Seeing a lot of red on election night 2016 in New York City.
Photographer: EDUARDO MUNOZ ALVAREZ/AFPIn October 2019, in the lead-up to his impeachment trial, President Donald Trump tweeted a map of the 2016 U.S. presidential election, with results shown at the county level using the standard partisan color convention. The map — a sea of red, with the words “Try to impeach this” — generated an uproar, because it was highly misleading: The rural counties that supported Trump represent a lot of land mass, but don’t have nearly as many people as the urban ones that voted for Democratic candidate Hillary Clinton. Their numbers were concentrated, just as most of the support for this year’s Democratic candidate, Joe Biden, is likely to be.

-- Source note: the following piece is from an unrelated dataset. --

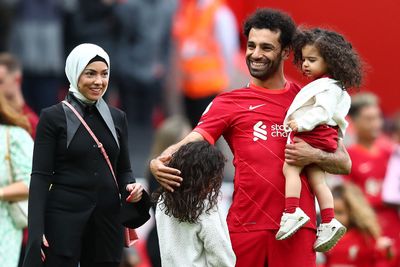 a man and a woman holding a child in their arms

That infamous lesson in misleading maps is worth revisiting, because newscasts, websites and social media are likely to be full of similar-looking ones after the Nov. 3 election. Choropleth maps — or maps that use color, shading or patterns to show quantitative differences — are some of the most common ways to visualize how counties as well as states are voting, even though they rarely come with the important disclaimer that land doesn’t vote. In a year where uncertainty is the only certainty, a critical eye towards election-related graphics will serve truth-seeking readers well — as will a look at how other kinds of voting maps are underpinning the election in critical parts of the U.S.